(Source data Opens)
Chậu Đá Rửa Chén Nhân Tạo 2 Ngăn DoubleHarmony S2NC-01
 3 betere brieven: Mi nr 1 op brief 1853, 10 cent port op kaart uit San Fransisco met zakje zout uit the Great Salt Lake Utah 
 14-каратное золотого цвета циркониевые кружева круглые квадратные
(Source data Closes)
Problem statement:
Retype the material exactly, including every line.

Worked solution:
Chậu Đá Rửa Chén Nhân Tạo 2 Ngăn DoubleHarmony S2NC-01
 3 betere brieven: Mi nr 1 op brief 1853, 10 cent port op kaart uit San Fransisco met zakje zout uit the Great Salt Lake Utah 
 14-каратное золотого цвета циркониевые кружева круглые квадратные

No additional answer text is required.